Yves Kugelmann
Zürich Weltexpresso) - In Zürich steigt weißer Rauch auf. Der runde Tisch zur Causa Bührle hat einen Experten nominiert. Allerdings ging es hinter den Kulissen noch hoch zu und her, bevor Kanton, Stadt und Kunsthaus Zürich den Vorschlag verkündigten und die Provenienzdebatte rund um die Sammlung des Nazikollaborateurs in die nächste Runde geht. Ob der Umweg über den runden Tisch sinnvoll ist, bezweifeln viele. Denn eigentlich müsste das Kunsthaus Zürich längst seine gesamten Sammlungen untersuchen. Die Leitung des Hauses wird im März ein neues Strategiepapier vorlegen. Da kann es durchaus zur skurrilen Situation kommen, dass eine weitere Expertenkommission neben dem Experten zur Sammlung Bührle eingesetzt wird.

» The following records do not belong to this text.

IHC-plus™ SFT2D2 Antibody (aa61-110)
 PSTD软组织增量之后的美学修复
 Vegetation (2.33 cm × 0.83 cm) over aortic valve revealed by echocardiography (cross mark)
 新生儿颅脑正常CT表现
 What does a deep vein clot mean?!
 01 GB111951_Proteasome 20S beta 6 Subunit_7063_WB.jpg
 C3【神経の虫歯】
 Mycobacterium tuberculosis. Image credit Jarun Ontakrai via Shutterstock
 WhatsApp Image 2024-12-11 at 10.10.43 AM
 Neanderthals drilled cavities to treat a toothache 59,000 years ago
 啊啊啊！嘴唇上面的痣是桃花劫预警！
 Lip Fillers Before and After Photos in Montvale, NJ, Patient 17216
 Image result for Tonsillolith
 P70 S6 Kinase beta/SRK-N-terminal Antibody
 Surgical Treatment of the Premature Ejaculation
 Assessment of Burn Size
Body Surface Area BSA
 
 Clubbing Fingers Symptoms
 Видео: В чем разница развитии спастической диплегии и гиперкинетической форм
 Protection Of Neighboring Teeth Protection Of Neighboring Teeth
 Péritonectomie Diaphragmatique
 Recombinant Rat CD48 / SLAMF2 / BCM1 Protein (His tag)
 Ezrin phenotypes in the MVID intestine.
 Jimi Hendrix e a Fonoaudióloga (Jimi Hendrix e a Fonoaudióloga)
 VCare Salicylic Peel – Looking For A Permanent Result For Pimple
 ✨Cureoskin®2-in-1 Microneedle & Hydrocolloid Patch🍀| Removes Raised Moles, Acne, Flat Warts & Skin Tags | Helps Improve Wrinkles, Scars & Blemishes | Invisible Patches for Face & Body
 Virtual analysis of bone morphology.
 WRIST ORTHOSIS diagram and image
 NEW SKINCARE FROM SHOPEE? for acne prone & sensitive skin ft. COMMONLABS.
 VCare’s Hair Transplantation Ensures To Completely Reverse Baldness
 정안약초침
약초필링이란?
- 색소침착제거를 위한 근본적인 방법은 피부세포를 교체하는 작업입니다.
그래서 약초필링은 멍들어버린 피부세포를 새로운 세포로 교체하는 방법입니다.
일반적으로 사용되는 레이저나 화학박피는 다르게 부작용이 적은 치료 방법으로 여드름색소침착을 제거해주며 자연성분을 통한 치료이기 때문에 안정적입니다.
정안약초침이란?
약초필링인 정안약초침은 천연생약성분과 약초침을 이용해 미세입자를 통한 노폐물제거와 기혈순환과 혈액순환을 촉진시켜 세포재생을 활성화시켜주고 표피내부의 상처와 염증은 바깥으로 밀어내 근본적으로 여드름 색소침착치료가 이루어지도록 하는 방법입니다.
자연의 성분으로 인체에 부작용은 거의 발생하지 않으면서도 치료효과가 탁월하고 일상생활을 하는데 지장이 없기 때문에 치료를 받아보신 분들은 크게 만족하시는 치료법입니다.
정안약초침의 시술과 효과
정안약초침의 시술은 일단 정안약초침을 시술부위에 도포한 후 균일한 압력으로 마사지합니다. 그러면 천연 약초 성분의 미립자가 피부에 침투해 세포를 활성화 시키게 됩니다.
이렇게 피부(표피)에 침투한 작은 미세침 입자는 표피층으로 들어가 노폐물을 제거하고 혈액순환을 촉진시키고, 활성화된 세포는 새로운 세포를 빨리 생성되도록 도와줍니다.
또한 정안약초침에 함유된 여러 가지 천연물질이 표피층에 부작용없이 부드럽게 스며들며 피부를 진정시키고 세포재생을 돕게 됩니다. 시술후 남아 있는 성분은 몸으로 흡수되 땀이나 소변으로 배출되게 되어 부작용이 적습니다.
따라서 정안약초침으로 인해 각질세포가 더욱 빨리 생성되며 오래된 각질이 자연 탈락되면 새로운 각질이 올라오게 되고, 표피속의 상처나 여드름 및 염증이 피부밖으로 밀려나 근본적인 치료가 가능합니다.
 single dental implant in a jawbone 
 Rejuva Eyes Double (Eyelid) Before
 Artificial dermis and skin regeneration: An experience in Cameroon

Hätte die Schweiz die Washingtoner Abkommen und die nachfolgenden Erklärungen von Terezín umgesetzt, wäre allerdings dieser ganze Eiertanz nicht nötig. Die Schweiz hat die Erklärungen unterzeichnet und müsste eine nationale Expertenkommission einsetzen, im Parlament ist inzwischen eine entsprechende Motion verabschiedet worden, um dem Thema Nachdruck zu verleihen. Doch noch immer ist eine nationale Expertenkommission in weiter Ferne. Auch ein Statement.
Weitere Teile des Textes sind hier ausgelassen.